Jokes aside, I think the success of the class is the result of the fun, hands-on approach to making textures, a focus on outcomes, an easy to follow structure and good production values thanks to my good friend Daniel who took time out from his usual job directing commercials to help produce the class.
I really analyzed my own skill set and tried to craft a course that I knew from interaction with my own social media following wasn’t being catered to at the time. There were lots of short courses on distressing logos in Photoshop or Illustrator but no-one was really teaching the fundamentals of creating hand-made analog textures and processing them for use digitally.
The class is mostly the result of stepping back and asking what I would want to have learned from someone with my skillset 5 or even 10 years ago.
In what ways do you feel the increased access to free and affordable design resources and classes have affected the design community?

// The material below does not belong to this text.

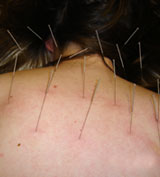 bone spurs acupuncture houston,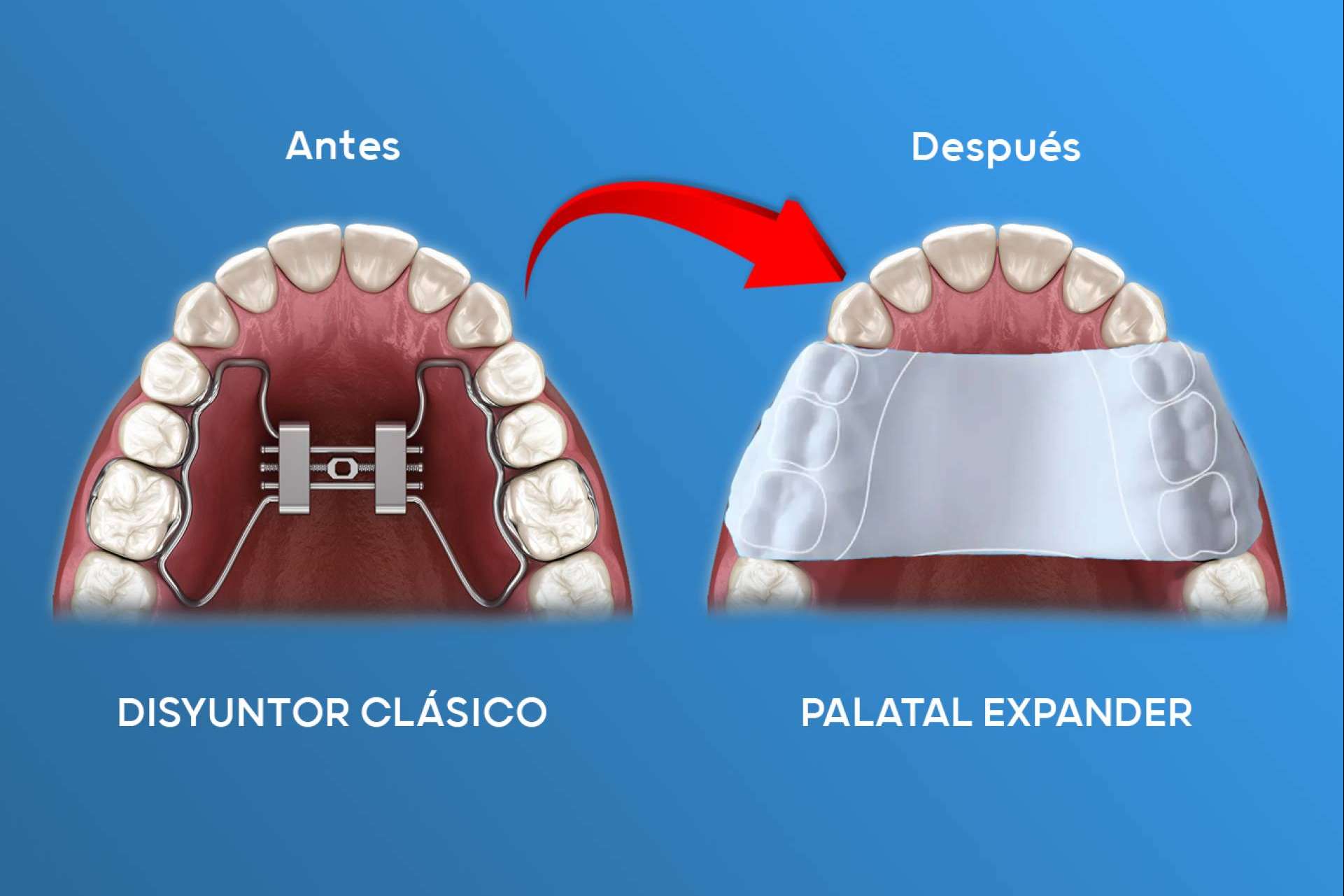 Doctores murcianos lideran la revolución en ortodoncia con expansores plásticos innovadores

From a pure problem solving perspective we’re so lucky to have such easy access to cheats and workarounds to solve simple software problems and fill very specific knowledge gaps (e.g. how to fix a bug, use the Clone Tool or install a Photoshop Brush). I do think that it is a trade off though and junk that’s free is still junk especially when it comes to the multitude of free patterns, brushes, actions and fonts lurking around the more opportunistic corners of the design internet.

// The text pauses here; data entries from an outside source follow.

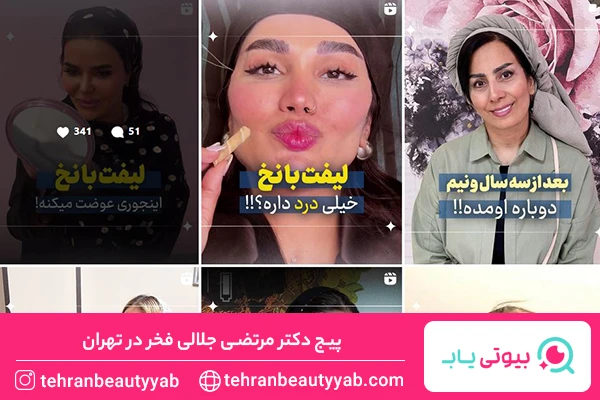 بهترین کلینیک لیفت با نخ تهران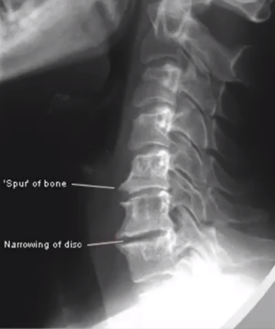 <p>(TOP) BONE SPUR, (BOTTOM) NARROWING OF DISC</p>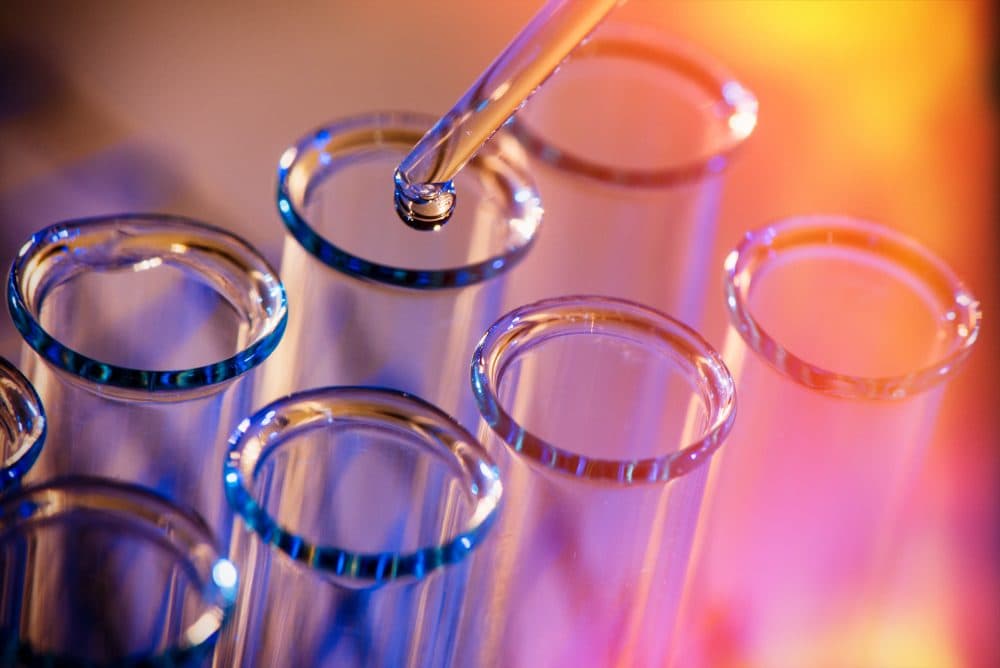 Test tubes ina. row with a dropper placing liquid in one for a bacteria test on urine to test for a UTI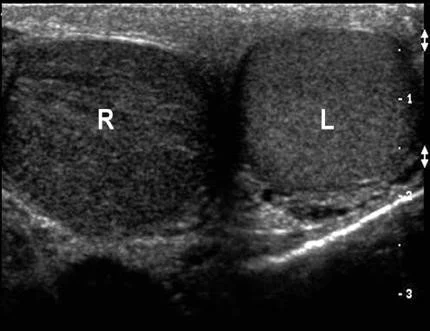 Ultrasound for Testis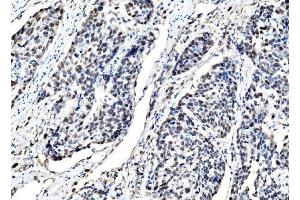 IHC analysis of DLX2 using anti-DLX2 antibody (ABIN7599936). (DLX2 Antikörper  (AA 13-310))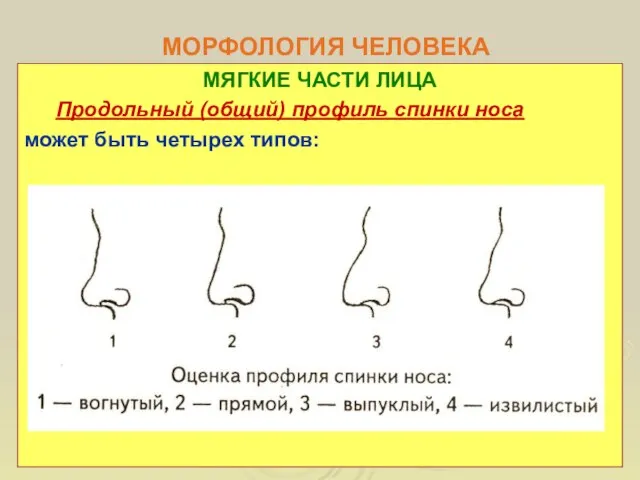 МОРФОЛОГИЯ ЧЕЛОВЕКА МЯГКИЕ ЧАСТИ ЛИЦА Продольный (общий) профиль спинки носа может быть четырех типов: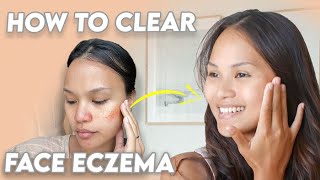 Get Rid of Facial Eczema lifechanging tips [upl. by Holub]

I think Skillshare is really breaking down some of the geographical and economic barriers to creative skills development. Skillshare presents a great opportunity for designers to learn from not only giants of the design world like Aaron Draplin and Jessica Hische but from lesser known, seasoned and highly skilled pro’s who are making valuable years of collective knowledge so easily accessible. This is especially beneficial to the design community when you consider the impossibility of learning such skills through pure chance, circumstance or persistence.
As with anything, it’s not the skill but how you use it and the real long term value lies in students transforming these newfound skills into unique and original work that defines careers.

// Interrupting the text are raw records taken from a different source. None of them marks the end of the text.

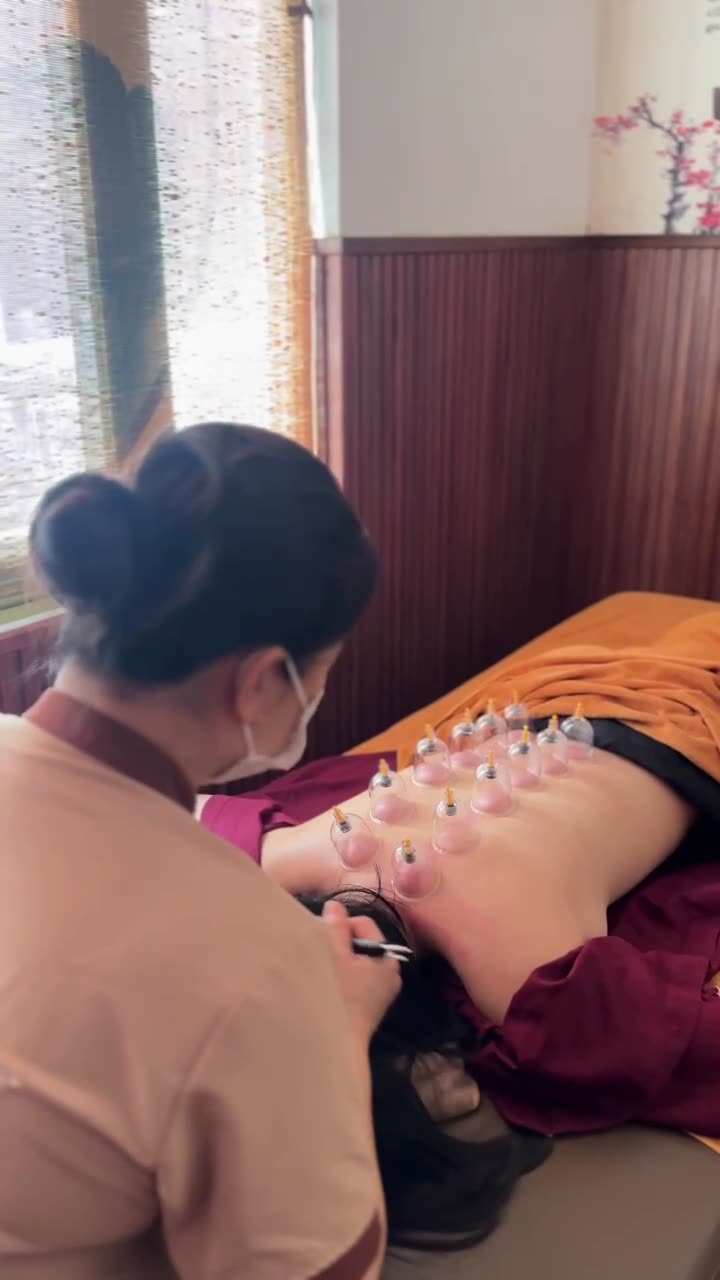 Kỹ thuật viên ngồi ở đầu giường dùng dụng cụ chăm vùng gáy, trên lưng khách là hàng ống giác hơi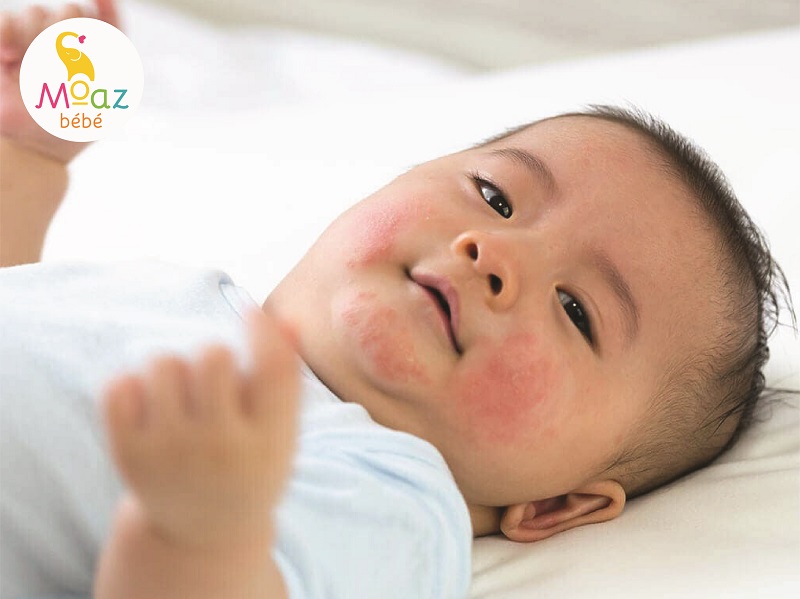Bệnh rôm sảy ở trẻ em khi chăm sóc các mẹ cần lưu ý những gì? 2 Bệnh thường gặp khi thời tiết năng nóng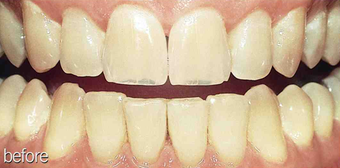 Whitening aging teeth before 234632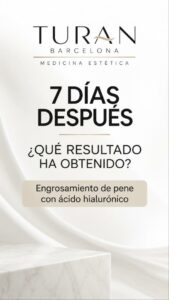 7 días después de un engrosamiento de pene con ácido hialurónico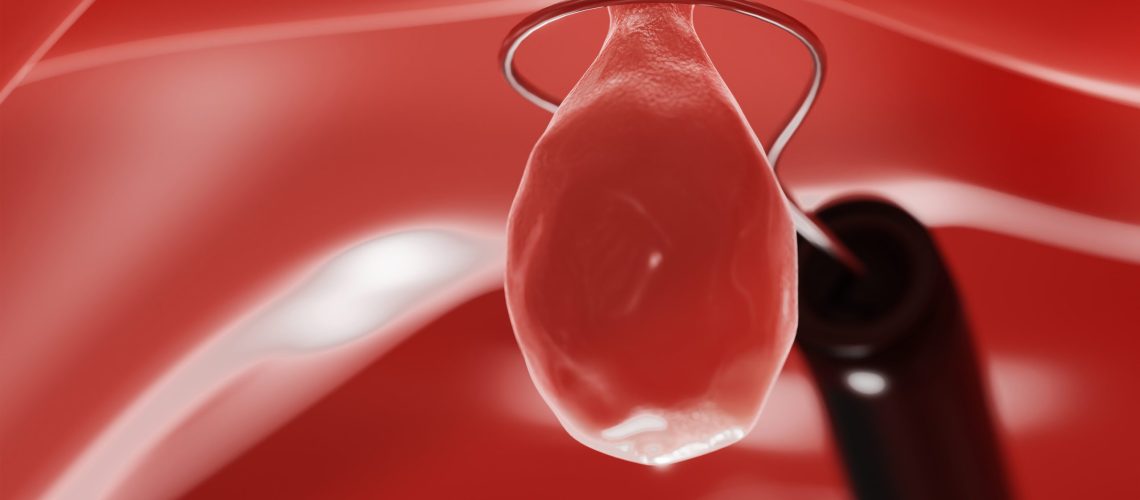Colon Polyp Removal. Endoscope inside colonoscopy for Colon polyps search. 3d render.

What single most important piece of advice would you give to students and young designers trying to establish themselves in the industry?
Don’t wait for a brief, write your own. Create a personal project, work hard at it and put it on the internet. When you’re finished do it again whether it was a success or not. Embrace failure and keep an eye out for happy accidents, that’s where the magic happens. Be 100% batshit crazy delusional about how good you are, share your work, email your heroes but don’t let the knockbacks or unanswered emails get you down. Your career is a work in progress and establishing yourself takes time, energy and persistence.
OK, that’s more than one piece of advice but the basic theme is work hard while you wait.
Last year you founded True Grit Texture Supply, an online shop that sells textured Photoshop brushes, vector packages, and other resources. What led to its creation?
Over the years a lot of students as well as established illustrators and designers had asked me if I had thought of selling any of my textures or brushes and I’d given it some thought but never quite made the leap. The success of my Skillshare class really opened my eyes to the value that my years of experience had and that a market existed for well crafted textural design tools made by someone who uses them every day. And now here we are.
You recently launched your first solo exhibition, Total Control. Tell us about this collection and the themes you explored within the work.
The show featured 12 mixed media works on framed wood panel combining illustration, painting and screen printing.
I wanted to explore themes of introspection, confusion, duality and impulse control all viewed through this inescapable dead-gaze of technological distraction that has crept into pretty much all of our lives.
In the lead up to making of the work I had been reading a lot about tech addiction, impulse control and media distraction and Adam Curtis’ dystopian documentary HyperNormalisation also had a real impact on me during the making of the show.